Unnamed: 0,Purchase ID,SN,Age,Gender,Item ID,Item Name,Price
775,775,Aethedru70,21,Female,60,Wolf,3.54
776,776,Iral74,21,Male,164,Exiled Doomblade,1.63
777,777,Yathecal72,20,Male,67,"Celeste, Incarnation of the Corrupted",3.46
778,778,Sisur91,7,Male,92,Final Critic,4.19
779,779,Ennrian78,24,Male,50,Dawn,4.6


### Player Count

Display the total number of players


In [15]:
# Pass the unique elements in "SN" series to len to get number of elements
uniquePlayers = len(pd.unique(purchase_data["SN"]))

print(f'{uniquePlayers} players.')


576 players.


## Purchasing Analysis (Total)

* Run basic calculations to obtain number of unique items, average price, total purchases, and total revenue.
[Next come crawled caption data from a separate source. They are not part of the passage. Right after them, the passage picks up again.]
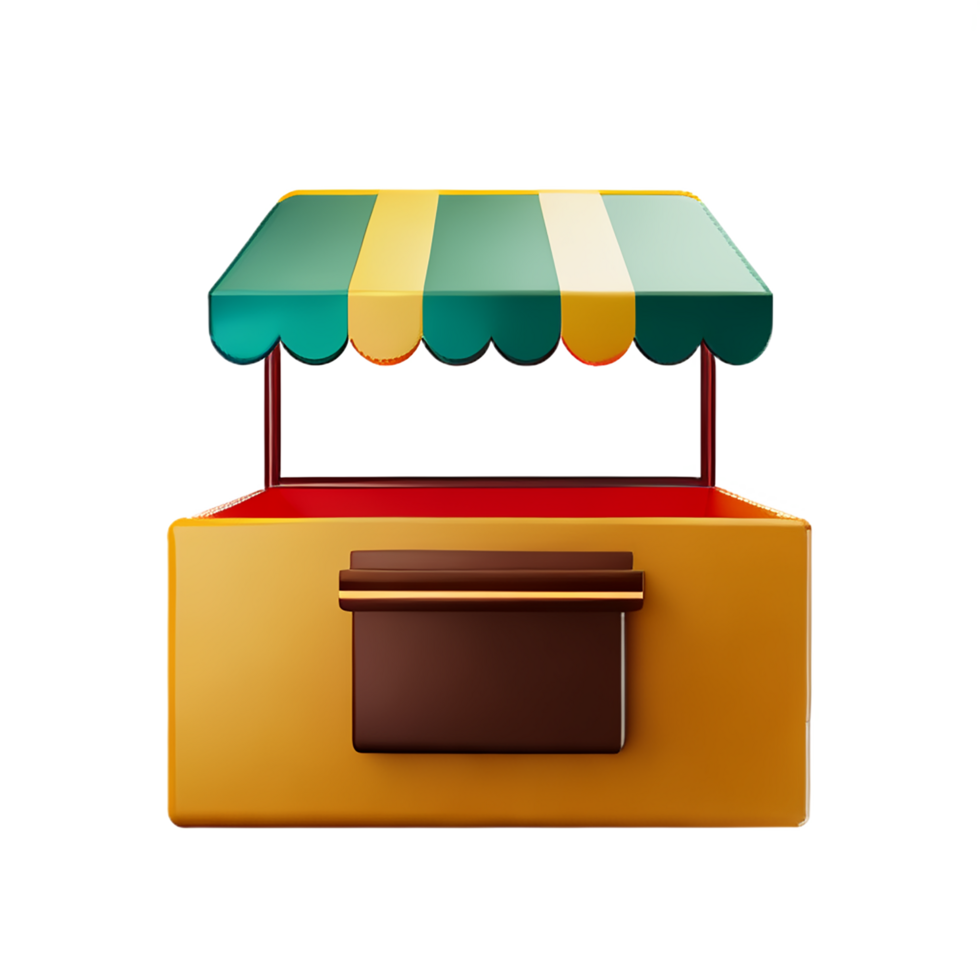 shopping and retail store 3d icon png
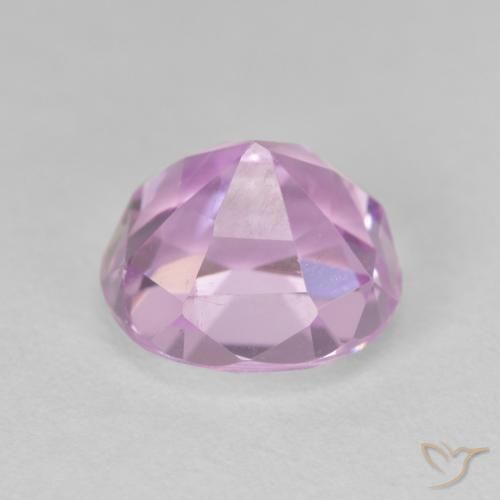 Kunzite Gemstone in 10.8 x 10.3 mm Size for Sale, Kunzite Stone in Light Lilac Color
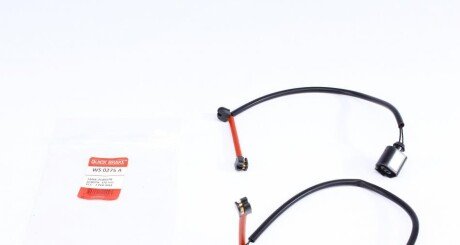 Датчик зносу гальмівних колодок (передніх) VW Touareg/Porsche Cayenne 02-10 (L=370mm) К-кт 2 шт UA63 QUICK BRAKE WS 0275 A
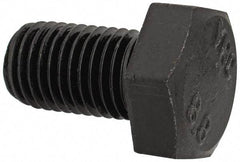 Value Collection - M12x1.50mm Metric Fine, 20mm Length Under Head Hex Head Cap Screw - Fully Threaded, Grade 8.8 Steel, Uncoated, 19mm Hex - Apex Tool & Supply
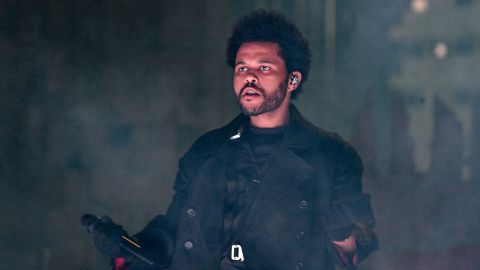 The Weeknd performs onstage during his "After Hours Til Dawn" tour at Mercedes-Benz Stadium on August 11, 2022 in Atlanta, Georgia. 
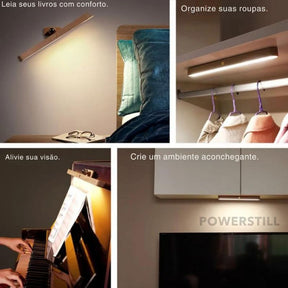 Luminária LED Touch Sem Fio Aura Lux Madeira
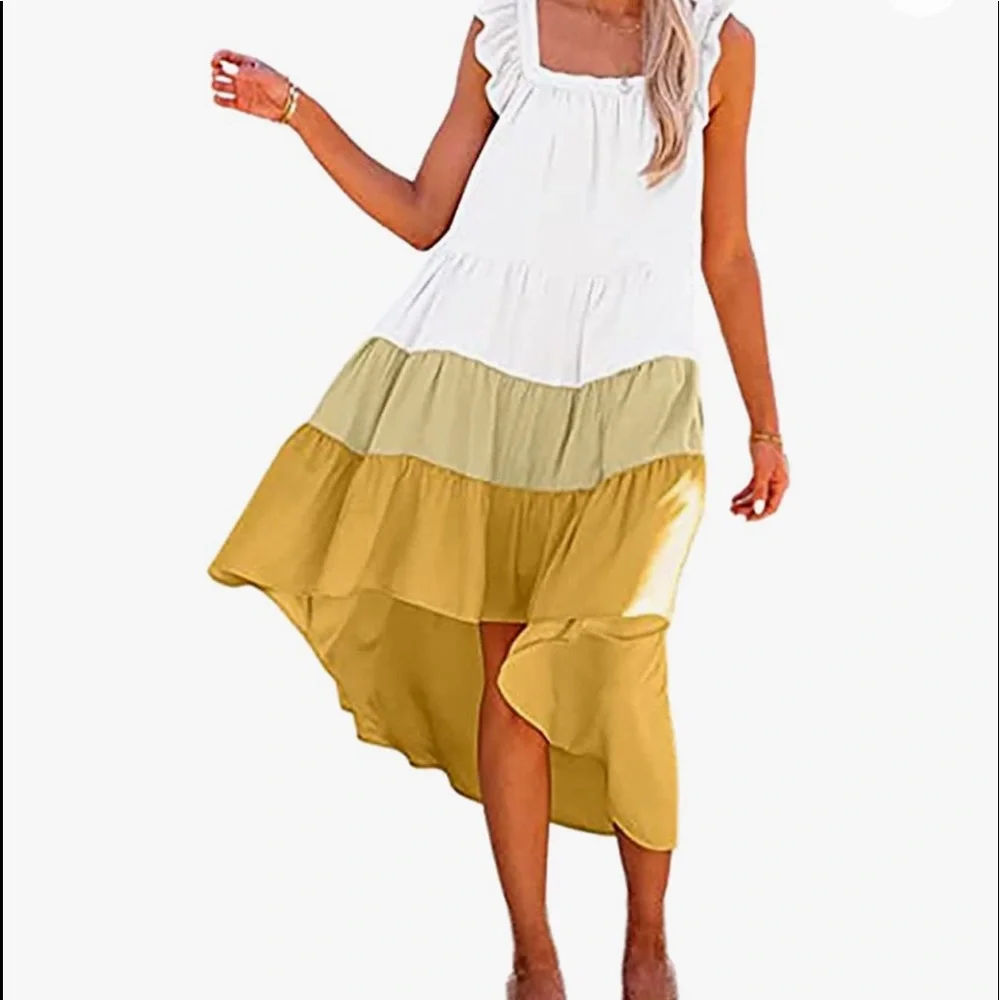 Summer Ruffle Dress NWT - Picture 1 of 5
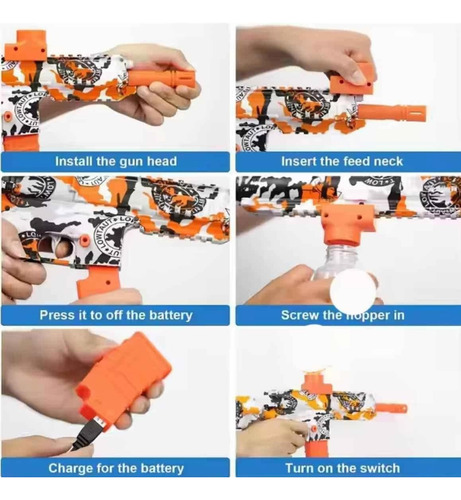 Pistola De Hidrogel Shooting Elite Blanco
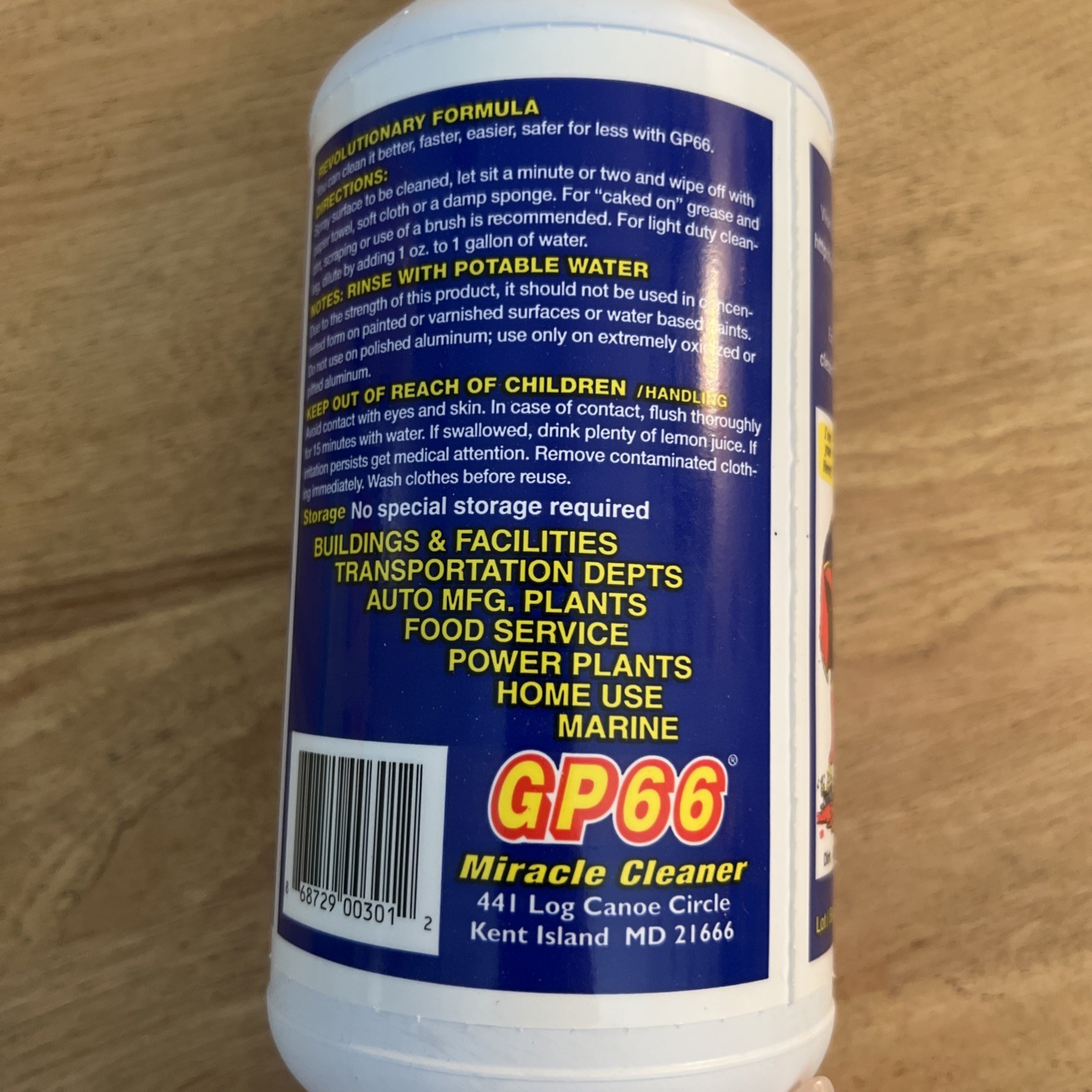 GP66 Miracle Cleaner & Degreaser Concentrate 1Quart 32oz NEW Sealed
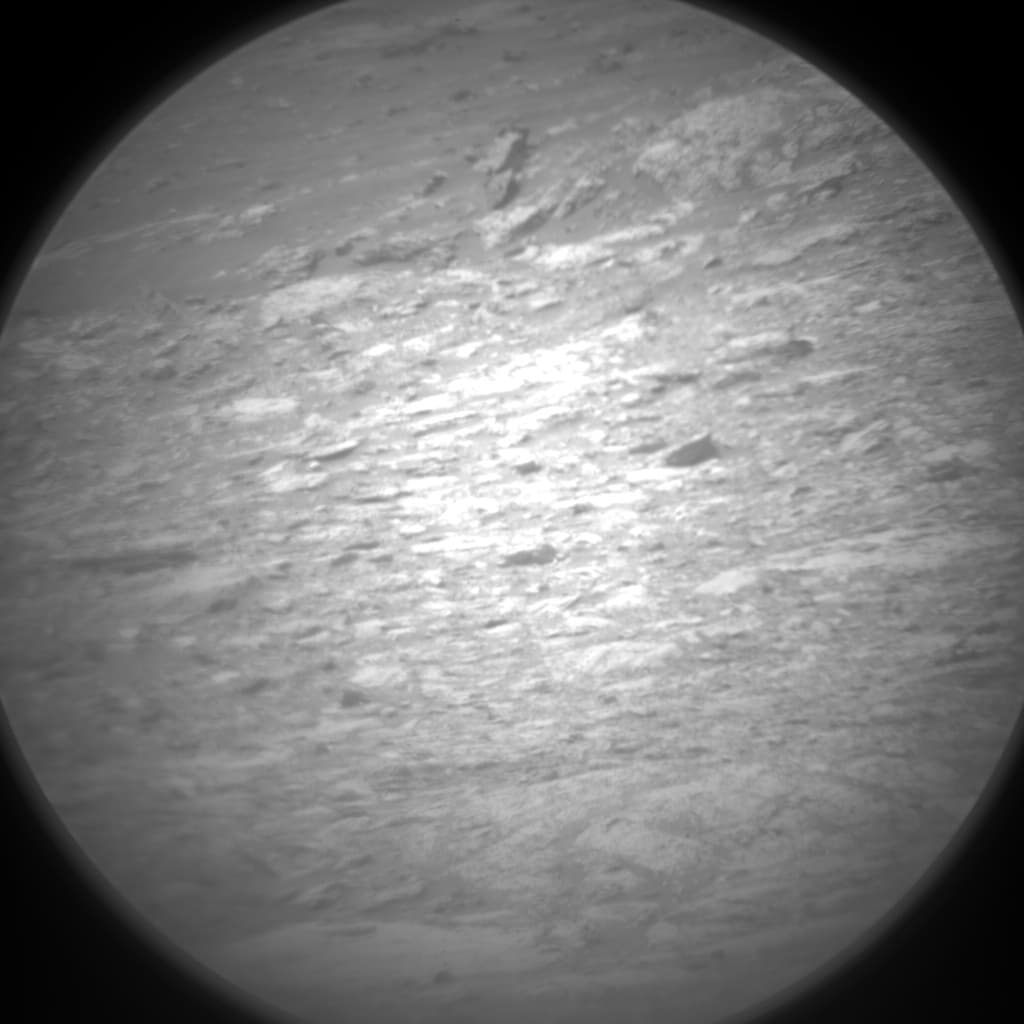 Foto de Marte da câmera CHEMCAM_RMI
* Create a summary data frame to hold the results


* Optional: give the displayed data cleaner formatting


* Display the summary data frame


In [16]:
# Construct dataframe with the above quantifiers
summary_df = pd.DataFrame(
    {
        'Unique Items': len(pd.unique(purchase_data['Item ID'])),
        'Average Price': purchase_data['Price'].mean(),
        'Total Purchases': len(purchase_data['Price']),
        'Total Revenue': purchase_data['Price'].sum()
    },
    index=["Heroes of Pymoli Item Marketplace"]
)

# format the column data to be more readable
format_mapping = {"Average Price": "${:,.2f}","Total Revenue": "${:,.2f}"}

summary_df.style.format(format_mapping)

Unnamed: 0,Unique Items,Average Price,Total Purchases,Total Revenue
Heroes of Pymoli Item Marketplace,179,$3.05,780,"$2,379.77"


## Gender Demographics

* Percentage and Count of Male Players


* Percentage and Count of Female Players


* Percentage and Count of Other / Non-Disclosed




In [11]:
# Construct 3 new dataframes based on the possible gender options
male_df = purchase_data[purchase_data["Gender"]=="Male"]

female_df = purchase_data[purchase_data["Gender"]=="Female"]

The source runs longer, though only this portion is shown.